New Directions in Military History: A Roundtable Discussion on US Military Influence and Infrastructure at Home and Abroad

AHA Session 4
Thursday, January 4, 2018: 1:30 PM-3:00 PM
Washington Room 1 (Marriott Wardman Park, Exhibition Level)
Chair:
Aaron O'Connell, University of Texas at Austin
Papers:
The Military and the Welfare State
Jennifer Mittelstadt, Rutgers, The State University of New Jersey

Session Abstract

This is the second of two proposed roundtables on new directions in American military history. Its principal purpose is to highlight new work that falls outside the conventional conceptions of the field and to move military history well beyond the study of military organizations or conduct on the battlefield. It proceeds from the belief that while combat operations may be the most visible things militaries do, they are still just a small part of how military influence and infrastructure shape societies, ideas, and power relations both domestically and globally. We believe armies and navies do much more than fight battles and topple governments. They also wreck and rescue economies, spur scientific discoveries, and re-organize and dis-organize labor relations. They alter the built environment and natural landscapes; and intervene in – or are sometimes co-opted into – domestic politics. They change the narratives we use to understand ourselves and our countries’ roles in the world. And even in times of peace, the infrastructure of military power – fleets, standing armies, basing systems, surveillance networks, foreign military sales, and mutual defense treaties – are integral elements of how nations operate on the world stage.

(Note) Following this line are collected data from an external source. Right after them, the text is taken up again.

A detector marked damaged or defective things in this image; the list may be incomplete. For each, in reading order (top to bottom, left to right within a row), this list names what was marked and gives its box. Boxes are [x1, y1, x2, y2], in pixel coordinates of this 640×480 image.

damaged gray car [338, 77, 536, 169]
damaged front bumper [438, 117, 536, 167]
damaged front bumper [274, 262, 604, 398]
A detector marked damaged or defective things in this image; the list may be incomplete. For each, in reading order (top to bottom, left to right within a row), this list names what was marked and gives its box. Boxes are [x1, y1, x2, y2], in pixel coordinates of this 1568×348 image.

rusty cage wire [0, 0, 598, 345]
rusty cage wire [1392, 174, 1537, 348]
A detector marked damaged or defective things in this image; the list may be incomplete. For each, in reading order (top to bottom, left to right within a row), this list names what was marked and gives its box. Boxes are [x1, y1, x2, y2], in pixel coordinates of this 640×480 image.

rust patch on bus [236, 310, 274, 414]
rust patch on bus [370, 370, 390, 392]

Most of these broader effects of military affairs are still largely ignored by most of military history. There is still an Old Guard in the field – a group of scholars who (quite literally) stick to their guns by insisting that the field’s primary purpose is to narrate and explain combat operations, analyze weapons and technology, and evaluate battles according to ostensibly timeless doctrines of tactics, strategy, and the “military sciences.” To their supporters, these historians are riveting storytellers (and they certainly do sell a lot of books). To their critics, the Old Guard is filled with methodological isolationists and historical exceptionalists who perpetuate the unhelpful notion that military operations somehow exist in a separate sphere outside the other narratives, institutions, and ideological apparatuses of American national life.

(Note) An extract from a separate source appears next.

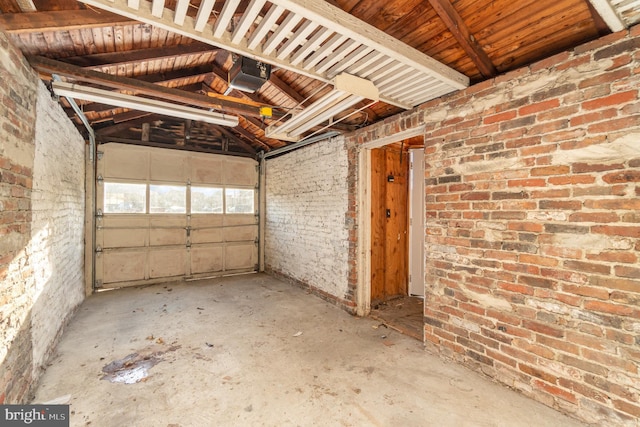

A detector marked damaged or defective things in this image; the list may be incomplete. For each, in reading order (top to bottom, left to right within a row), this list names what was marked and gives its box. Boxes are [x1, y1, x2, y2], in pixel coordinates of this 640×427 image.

cracked concrete floor [33, 274, 584, 427]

Luckily, there is a Jeune Ecole in military history as well – a new school of scholars who are actively seeking to redefine the field and to integrate the study of military affairs into broader considerations of economic, political, and diplomatic history. The scholars on this roundtable are in the vanguard of that movement. Each one will devote ten minutes to summarizing recent research – in all cases, a recently-completed or in-progress book manuscript – which will leave 30-40 minutes for discussion on the potential boundaries and future landscapes of military history. Katherine C. Epstein will explore the extensive material and cultural infrastructure – credit, communications networks, a financial surplus, and a compliant population – that both Great Britain and the U.S. used to spread their nations’ military influence all over the world. Michel Paradis will explain how the legal infrastructure of the Geneva Conventions and related international norms concerning torture stemmed from the Doolittle Raider trials of World War II. Jennifer Mittlestadt will discuss the rise of the military welfare state and its extensive infrastructure in American society.